Work item:
From the listing that follows, output everything exactly except the pictures.

Given information:
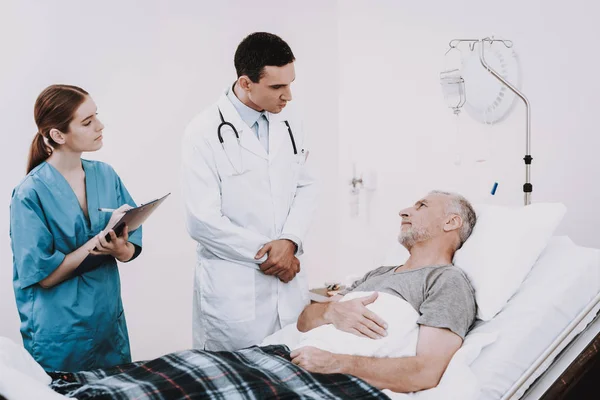 Starý Pacient Leží Lehátku Pacienta Lůžkové Oddělení Vyšetření Pacienta Doktor — Stock fotografie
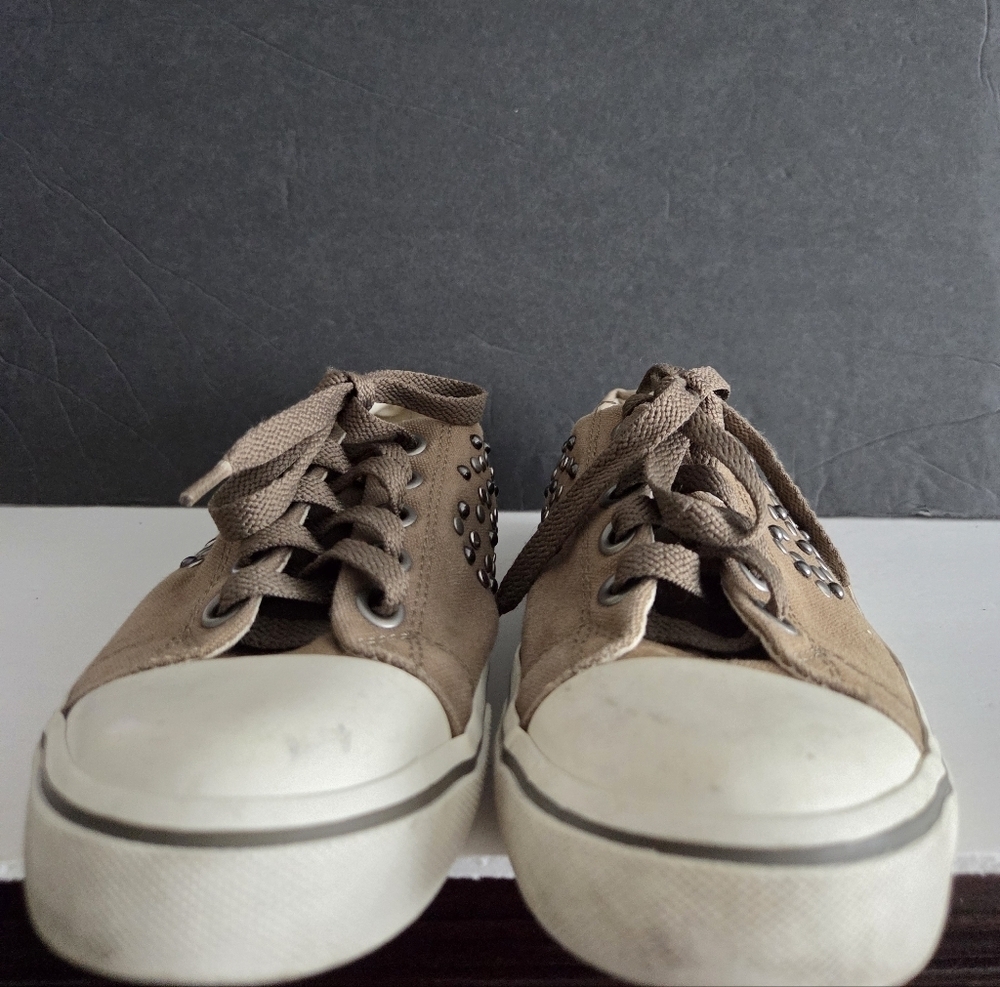 Juicy Couture Tan Canvas Sneakers with Studs Sz.6,5 - Picture 5 of 7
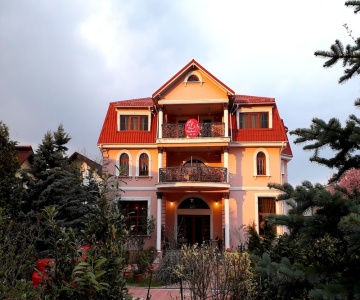 Liz Residence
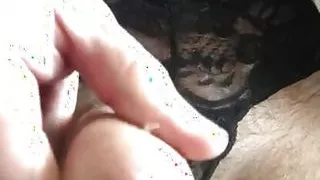 Sissy-maid Cindy cums & drips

Answer for this exercise:
 Starý Pacient Leží Lehátku Pacienta Lůžkové Oddělení Vyšetření Pacienta Doktor — Stock fotografie
 Juicy Couture Tan Canvas Sneakers with Studs Sz.6,5 - Picture 5 of 7
 Liz Residence
 Sissy-maid Cindy cums & drips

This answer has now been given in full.